80.     A section 73 Compliance Certificate, under the Sydney Water Act 1994 must be obtained from Sydney Water Corporation.  An Application for a Section 73 Certificate must be made through an authorised Water Servicing Coordinator.  For details, please refer to the Sydney Water web site www.sydneywater.com.au > Building and developing > Developing your Land > Water Servicing Coordinator or telephone 13 20 92.

 

Please make early contact with the Water Servicing Co-ordinator, as building of water/sewer extensions may take some time and may impact on other services and building, driveway or landscape design.

 

The Section 73 Certificate must be submitted to the Principal Certifying Authority and the Council prior to issuing an Occupation Certificate or Subdivision Certificate, whichever the sooner.

 

Noise Control Requirements & Certification

81.     The operation of plant and equipment shall not give rise to an ‘offensive noise’ as defined in the Protection of the Environment Operations Act 1997 and Regulations.

 

In this regard, the operation of the plant and equipment shall not give rise to an LAeq, 15 min sound pressure level at any affected premises that exceeds the background LA90, 15 min noise level, measured in the absence of the noise source/s under consideration by more than 5dB(A) in accordance with relevant NSW Office of Environment and Heritage (EPA) Noise Control Guidelines.

 

82.     A report must be obtained from a suitably qualified and experienced consultant in acoustics, which demonstrates and certifies that noise and vibration from any plant and equipment (e.g. mechanical ventilation systems and air-conditioners) satisfies the relevant provisions of the Protection of the Environment Operations Act 1997, NSW Office of Environment and Heritage (EPA) Noise Control Manual, Industrial Noise Policy and Council’s development consent.

 

A copy of the report must be provided to the Principal Certifying Authority and Council prior to an occupation certificate being issued.

 

Council’s Infrastructure, Vehicular Crossings & Road Openings

83.     The owner/developer must meet the full cost for Council or a Council approved contractor to construct a minimum 375mm diameter rubber ringed reinforced concrete pipeline under the kerb alignment (edge of road) in Military Road from the point of discharge from the subject development site to the existing underground drainage system at the intersection of Military Road and Bumborah Point Road.
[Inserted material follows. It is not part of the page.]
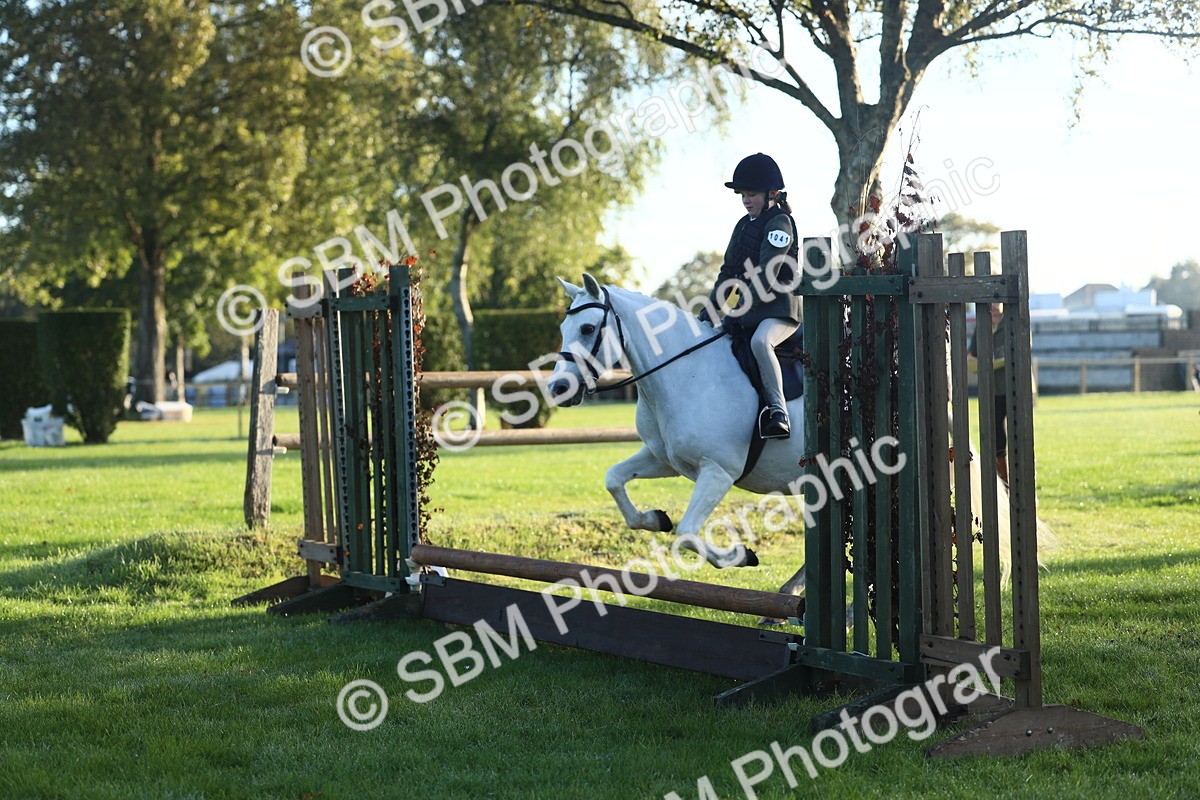SBM_31702 - S28 - Nursery Stakes Working Hunter Pony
The works shall include all necessary drainage pits and reinstatement of kerb and gutter, road pavement and footpath as required.

 

84.     Prior to issuing a final occupation certificate or occupation of the development (whichever is sooner), the owner/developer must meet the full cost for Council or a Council approved contractor to repair/replace any damaged sections of Council's footpath, kerb & gutter, nature strip etc which are due to building works being carried out at the above site. This includes the removal of cement slurry from Council's footpath and roadway.

 

85.     All external civil work to be carried out on Council property (including the installation and repair of roads, footpaths, vehicular crossings, kerb and guttering and drainage works), must be carried out in accordance with Council’s Policy for “Vehicular Access and Road and Drainage Works” and the following requirements: 

 

a)     All work on Council land must be carried out by Council, unless specific written approval has been obtained from Council to use non-Council contractors.

 

b)     Details of the proposed civil works to be carried out on Council land must be submitted to Council in a Pre-paid Works Application Form, prior to an occupation certificate being issued for the development, together with payment of the relevant fees.

 

c)     If it is proposed to use non-Council contractors to carry out the civil works on Council land, the work must not commence until the written approval has been obtained from Council and the work must be carried out in accordance with the conditions of consent, Council’s design details and payment of a Council design and supervision fee.

 

d)     The civil works must be completed in accordance with Council’s conditions of consent and approved design and construction documentation, prior to occupation of the development, or as otherwise approved by Council in writing.

 

86.     The naturestrip upon Council's footway shall be excavated to a depth of 150mm, backfilled with topsoil equivalent with 'Organic Garden Mix' as supplied by Australian Native Landscapes, and re-turfed with Kikuyu Turf or similar. Such works shall be installed prior to the issue of a final Occupation Certificate.

 

Service Authorities

Sydney Water Requirements

87.     A section 73 Compliance Certificate, under the Sydney Water Act 1994 must be obtained from Sydney Water Corporation.  An Application for a Section 73 Certificate must be made through an authorised Water Servicing Coordinator.  For details, please refer to the Sydney Water web site www.sydneywater.com.au > Building and developing > Developing your Land > Water Servicing Coordinator or telephone 13 20 92.

 

Please make early contact with the Water Servicing Co-ordinator, as building of water/sewer extensions may take some time and may impact on other services and building, driveway or landscape design.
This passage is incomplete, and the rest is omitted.